Next up, An Old Captivity: "A distinctly original novel. It has it's central romantic tale of a man coming to love a girl whom at first he dislikes, and finding that their love story is a kind of reincarnation; but it has a setting that is a story of its own–an account of Arctic exploration by air; it makes strange technicalities and places not merely intelligible but absorbing and thrilling." Awesome. First published 1940.
The books have a beautiful embossed monogram on the cover.
Last, but not least, Trustee from the Toolroom, the last book that Nevil ever wrote, he died in January 1960 and the book was published later that year. "The plot of the novel hinges on the actions of a technical journalist, Keith Stewart, whose life has been focused on the design and engineering of scale-model machinery.
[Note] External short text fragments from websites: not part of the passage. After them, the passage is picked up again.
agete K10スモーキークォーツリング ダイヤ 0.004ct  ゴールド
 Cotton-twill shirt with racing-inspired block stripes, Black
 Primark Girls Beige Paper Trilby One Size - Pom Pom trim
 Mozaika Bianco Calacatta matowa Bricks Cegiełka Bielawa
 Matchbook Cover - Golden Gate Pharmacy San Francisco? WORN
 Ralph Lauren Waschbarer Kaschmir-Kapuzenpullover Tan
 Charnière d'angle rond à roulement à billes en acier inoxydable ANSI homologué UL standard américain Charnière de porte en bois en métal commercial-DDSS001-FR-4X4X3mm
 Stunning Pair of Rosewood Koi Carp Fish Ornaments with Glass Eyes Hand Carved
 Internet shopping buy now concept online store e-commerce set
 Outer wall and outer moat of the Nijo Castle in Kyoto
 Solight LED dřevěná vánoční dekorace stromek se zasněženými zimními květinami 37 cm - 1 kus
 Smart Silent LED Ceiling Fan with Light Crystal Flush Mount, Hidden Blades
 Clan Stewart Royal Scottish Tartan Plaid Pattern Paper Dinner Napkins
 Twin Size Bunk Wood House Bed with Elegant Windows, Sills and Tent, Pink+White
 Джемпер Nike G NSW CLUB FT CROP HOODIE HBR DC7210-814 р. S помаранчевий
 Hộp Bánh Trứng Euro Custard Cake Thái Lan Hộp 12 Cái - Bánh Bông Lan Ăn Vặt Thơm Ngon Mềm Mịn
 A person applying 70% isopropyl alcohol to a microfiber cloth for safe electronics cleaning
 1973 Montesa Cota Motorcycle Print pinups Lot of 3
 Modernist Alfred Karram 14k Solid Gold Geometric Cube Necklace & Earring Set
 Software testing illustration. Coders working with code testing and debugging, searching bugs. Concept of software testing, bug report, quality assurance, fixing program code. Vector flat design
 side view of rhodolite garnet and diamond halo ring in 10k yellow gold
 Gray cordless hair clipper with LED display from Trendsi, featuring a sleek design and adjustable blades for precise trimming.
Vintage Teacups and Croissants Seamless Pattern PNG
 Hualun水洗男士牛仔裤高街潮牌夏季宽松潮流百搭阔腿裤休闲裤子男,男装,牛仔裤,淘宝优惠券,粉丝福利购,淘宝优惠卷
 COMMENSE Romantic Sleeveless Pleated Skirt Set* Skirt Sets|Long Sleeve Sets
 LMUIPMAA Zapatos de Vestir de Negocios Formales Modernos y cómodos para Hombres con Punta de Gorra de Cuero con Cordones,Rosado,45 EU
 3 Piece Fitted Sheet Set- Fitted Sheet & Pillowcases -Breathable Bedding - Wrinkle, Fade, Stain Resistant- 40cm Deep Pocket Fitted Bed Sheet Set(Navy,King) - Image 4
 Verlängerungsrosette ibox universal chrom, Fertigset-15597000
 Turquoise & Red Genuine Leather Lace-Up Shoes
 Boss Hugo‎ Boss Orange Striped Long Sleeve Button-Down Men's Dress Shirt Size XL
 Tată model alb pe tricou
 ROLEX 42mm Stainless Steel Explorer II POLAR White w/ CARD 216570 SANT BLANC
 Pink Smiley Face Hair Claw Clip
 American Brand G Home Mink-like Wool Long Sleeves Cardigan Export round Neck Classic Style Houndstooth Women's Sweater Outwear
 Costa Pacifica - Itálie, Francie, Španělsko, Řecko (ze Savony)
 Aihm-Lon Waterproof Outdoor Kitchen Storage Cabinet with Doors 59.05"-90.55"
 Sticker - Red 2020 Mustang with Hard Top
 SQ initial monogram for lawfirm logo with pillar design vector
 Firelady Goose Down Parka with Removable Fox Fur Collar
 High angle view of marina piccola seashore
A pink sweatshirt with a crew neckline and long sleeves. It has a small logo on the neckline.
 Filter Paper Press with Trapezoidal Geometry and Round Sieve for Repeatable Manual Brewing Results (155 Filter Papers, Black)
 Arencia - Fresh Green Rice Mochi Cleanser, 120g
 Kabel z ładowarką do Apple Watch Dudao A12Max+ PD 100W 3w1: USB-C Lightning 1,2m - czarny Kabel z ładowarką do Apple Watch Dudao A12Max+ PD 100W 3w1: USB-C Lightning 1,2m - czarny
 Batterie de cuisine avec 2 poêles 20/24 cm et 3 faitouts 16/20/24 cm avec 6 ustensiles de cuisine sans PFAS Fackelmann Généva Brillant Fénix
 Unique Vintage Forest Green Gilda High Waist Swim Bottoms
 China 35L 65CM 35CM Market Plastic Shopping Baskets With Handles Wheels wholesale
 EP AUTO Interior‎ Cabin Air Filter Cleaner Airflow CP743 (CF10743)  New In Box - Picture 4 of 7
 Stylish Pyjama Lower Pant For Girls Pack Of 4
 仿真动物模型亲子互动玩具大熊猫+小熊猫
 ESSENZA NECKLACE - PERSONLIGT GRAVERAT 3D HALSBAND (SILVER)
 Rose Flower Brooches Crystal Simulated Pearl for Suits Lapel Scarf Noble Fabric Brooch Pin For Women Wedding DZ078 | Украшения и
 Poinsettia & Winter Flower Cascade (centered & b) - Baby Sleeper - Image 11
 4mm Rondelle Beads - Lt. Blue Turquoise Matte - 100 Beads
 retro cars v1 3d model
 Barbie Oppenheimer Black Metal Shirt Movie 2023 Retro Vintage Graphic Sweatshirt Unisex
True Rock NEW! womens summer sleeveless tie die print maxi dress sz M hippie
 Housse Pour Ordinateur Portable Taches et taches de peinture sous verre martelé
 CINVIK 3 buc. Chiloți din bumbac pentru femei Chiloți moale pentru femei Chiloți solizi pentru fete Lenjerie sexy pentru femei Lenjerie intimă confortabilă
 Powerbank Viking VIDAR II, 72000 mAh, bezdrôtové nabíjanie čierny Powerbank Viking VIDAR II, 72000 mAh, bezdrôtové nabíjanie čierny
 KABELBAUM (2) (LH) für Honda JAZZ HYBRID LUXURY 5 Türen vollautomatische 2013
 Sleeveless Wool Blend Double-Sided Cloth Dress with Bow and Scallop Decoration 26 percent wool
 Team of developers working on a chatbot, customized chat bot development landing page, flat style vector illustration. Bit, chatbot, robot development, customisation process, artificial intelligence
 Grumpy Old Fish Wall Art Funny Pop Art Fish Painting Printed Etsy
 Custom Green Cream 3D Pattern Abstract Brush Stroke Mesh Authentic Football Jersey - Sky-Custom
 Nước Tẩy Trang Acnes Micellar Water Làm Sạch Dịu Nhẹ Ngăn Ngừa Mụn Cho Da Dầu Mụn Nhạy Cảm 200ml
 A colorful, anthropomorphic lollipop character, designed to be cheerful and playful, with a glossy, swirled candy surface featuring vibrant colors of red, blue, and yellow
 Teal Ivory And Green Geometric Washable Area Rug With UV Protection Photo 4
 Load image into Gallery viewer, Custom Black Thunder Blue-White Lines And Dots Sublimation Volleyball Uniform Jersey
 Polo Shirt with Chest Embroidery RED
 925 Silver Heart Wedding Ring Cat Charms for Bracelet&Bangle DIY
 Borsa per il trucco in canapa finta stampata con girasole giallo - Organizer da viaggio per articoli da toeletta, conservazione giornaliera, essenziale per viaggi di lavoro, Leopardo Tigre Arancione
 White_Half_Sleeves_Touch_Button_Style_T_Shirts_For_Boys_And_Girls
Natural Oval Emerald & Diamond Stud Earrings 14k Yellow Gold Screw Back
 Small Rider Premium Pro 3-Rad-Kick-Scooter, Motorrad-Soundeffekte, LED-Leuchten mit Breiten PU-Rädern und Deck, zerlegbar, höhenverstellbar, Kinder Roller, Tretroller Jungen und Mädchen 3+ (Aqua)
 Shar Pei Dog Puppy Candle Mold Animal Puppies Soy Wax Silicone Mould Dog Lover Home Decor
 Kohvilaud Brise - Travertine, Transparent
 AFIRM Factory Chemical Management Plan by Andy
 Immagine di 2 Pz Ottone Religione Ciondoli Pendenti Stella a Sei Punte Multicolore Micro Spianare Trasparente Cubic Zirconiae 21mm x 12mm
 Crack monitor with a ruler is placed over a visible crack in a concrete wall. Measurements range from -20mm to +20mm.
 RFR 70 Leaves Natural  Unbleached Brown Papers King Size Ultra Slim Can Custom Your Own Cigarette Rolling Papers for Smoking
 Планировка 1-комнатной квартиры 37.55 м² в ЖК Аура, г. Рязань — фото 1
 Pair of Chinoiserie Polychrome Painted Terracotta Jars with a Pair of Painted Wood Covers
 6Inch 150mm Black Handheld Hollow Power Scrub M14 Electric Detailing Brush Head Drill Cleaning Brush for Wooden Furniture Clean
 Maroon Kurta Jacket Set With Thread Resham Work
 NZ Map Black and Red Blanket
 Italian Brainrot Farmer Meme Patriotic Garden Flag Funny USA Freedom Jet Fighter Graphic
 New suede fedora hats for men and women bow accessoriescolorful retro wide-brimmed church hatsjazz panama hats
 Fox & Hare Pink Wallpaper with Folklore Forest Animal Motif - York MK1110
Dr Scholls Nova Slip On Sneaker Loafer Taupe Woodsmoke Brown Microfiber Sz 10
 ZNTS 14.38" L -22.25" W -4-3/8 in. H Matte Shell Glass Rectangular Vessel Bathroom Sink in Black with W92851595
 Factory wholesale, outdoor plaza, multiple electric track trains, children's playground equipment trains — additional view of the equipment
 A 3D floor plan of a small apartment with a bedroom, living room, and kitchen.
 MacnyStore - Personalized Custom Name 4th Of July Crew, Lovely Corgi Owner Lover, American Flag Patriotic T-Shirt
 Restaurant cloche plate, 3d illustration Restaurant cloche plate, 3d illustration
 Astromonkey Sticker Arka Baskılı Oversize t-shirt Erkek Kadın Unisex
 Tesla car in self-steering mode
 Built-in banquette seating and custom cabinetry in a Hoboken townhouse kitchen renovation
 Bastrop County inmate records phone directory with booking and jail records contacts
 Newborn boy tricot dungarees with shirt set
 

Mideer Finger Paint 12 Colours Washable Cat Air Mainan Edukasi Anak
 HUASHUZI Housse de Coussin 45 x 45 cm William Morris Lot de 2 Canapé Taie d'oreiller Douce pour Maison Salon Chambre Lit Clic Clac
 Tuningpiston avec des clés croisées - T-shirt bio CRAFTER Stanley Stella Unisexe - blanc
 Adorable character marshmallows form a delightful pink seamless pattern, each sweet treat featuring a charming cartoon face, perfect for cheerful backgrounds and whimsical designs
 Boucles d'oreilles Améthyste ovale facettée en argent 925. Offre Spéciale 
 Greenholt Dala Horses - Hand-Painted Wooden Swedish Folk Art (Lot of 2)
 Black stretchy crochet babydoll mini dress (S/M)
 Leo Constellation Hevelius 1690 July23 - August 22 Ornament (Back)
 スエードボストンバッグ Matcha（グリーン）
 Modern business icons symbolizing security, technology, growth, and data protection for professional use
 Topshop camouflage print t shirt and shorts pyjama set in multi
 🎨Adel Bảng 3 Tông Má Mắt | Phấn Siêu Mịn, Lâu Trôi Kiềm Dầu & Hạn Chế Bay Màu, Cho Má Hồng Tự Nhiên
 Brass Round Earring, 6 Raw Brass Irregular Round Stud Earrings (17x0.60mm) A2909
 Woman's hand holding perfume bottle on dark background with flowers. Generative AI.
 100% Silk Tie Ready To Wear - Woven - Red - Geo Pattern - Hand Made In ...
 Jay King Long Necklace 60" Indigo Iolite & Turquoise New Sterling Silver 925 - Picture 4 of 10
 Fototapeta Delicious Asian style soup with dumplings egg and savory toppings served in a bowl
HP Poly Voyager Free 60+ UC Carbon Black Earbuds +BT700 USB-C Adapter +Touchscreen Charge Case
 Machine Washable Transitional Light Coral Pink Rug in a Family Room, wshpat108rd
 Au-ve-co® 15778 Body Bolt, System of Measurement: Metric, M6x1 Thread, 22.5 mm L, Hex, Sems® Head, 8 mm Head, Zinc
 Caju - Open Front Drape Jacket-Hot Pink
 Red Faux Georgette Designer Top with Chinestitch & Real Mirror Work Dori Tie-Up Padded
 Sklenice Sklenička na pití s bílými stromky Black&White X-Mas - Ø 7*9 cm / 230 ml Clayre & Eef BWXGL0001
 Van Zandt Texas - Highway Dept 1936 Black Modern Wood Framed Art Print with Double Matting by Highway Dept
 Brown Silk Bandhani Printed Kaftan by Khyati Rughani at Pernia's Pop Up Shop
Stewart writes serial articles about how to create scale models in a magazine called the Miniature Mechanic, which are extremely well regarded in the modelling community—as is he. He is called upon to hide a metal box in his sister's and brother in law's boat just before they plan to leave in it to emigrate to Canada. Until they are settled in British Columbia, their daughter, Keith's niece, is to remain with Keith and his wife. His in-laws are lost at sea in French Polynesia. After the deaths are confirmed, Keith is told, by his in-laws' solicitor, that there is almost no money in the estate, but there is evidence that Keith's brother-in-law has converted his wealth into diamonds to take with him abroad, to evade export and currency restrictions intended to prevent capital leaving Britain. Keith's guardianship of his niece is now permanent, and he becomes her trustee (hence the title), but where is her money?"
And that's it! I'll let you know how I get on with all these Shute's when I finally get around to reading them, currently making my way through The Shadow of the Wind, by Catalan writer Carlos Ruiz's rather long.

De Slegte: Breestraat 73, Leiden.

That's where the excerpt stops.